This means that any developer token with just repo scope (or GITHUB_TOKEN with actions: write and contents: write) can create a feature branch with modified code, issue a workflow dispatch event, and steal the NPM Token. Now you have a repeat of the supply chain attack.

They also don’t restrict GITHUB_TOKEN permissions, which means and compromised upstream dependency could contain a payload to steal the Solana Web3 JS NPM token.

Supply chain security is hard, and once you add upstream and direct compromises into the mix, almost every Web3 company is susceptible to attacks causing loss of funds. I could go on and list CI/CD holes in most Web3 companies in the event of developer or developer token compromise.
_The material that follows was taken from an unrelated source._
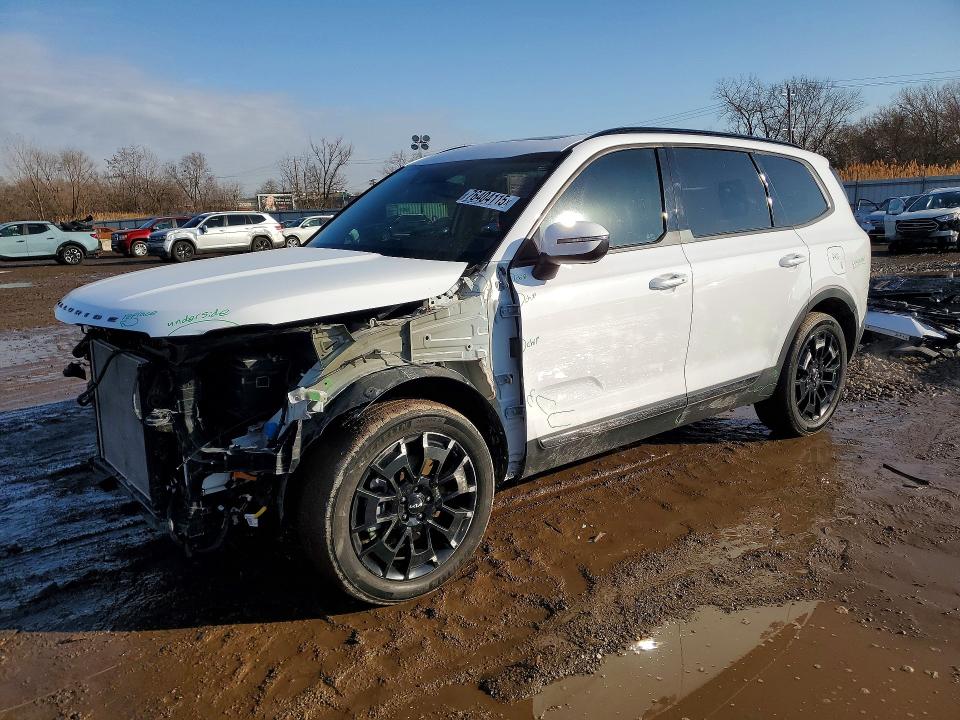 2022 KIA TELLURIDE — VIN 5XYP3DHC5NG322212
There are some good examples of Web3 companies that care about CI/CD and supply chain security and invest resources to improve it. Metamask’s GitHub Actions configurations are a good example.

Use GitHub Deployment Environments and a Dedicated Release Role

GitHub supports deployment environments, which allow maintainers to add additional controls such as which branches can deploy to it and even add bake times. Maintainers can also save secrets to deployment environments, so any user with write access to the repository cannot use a tool like Gato-X to quickly dump all of the secrets.

Similarly, AWS supports specifying a specific deployment environment in a repository for OIDC trust permissions. If other workflows in a repository try to assume a role that requires a deployment environment, then it will not work.

Using a dedicated role that only has access to the production staging bucket, and then using a deployment environment with 2PR required will prevent a single developer compromise from impacting the production release process.

Deploy from Attested Build

Safe should split its release workflow into two. The first one should build and sign an artifact with attestation. The second should download the signed artifact, verify that it matches the provenance, and then deploy artifacts from it without building any new code.

This reduces risks associated with performing the build (which could include installing dependencies) in the same workflow job with access to production release credentials.

Eliminate Cache Consumption in Releases

GitHub actions caches are intended to speed up builds for testing. Using them in production builds reduces integrity because they risk introducing new code into the build that is not reflected in source code.

Safe could update workflows and reusable actions in their repository to disable consumption of the actions cache if the build is a production release.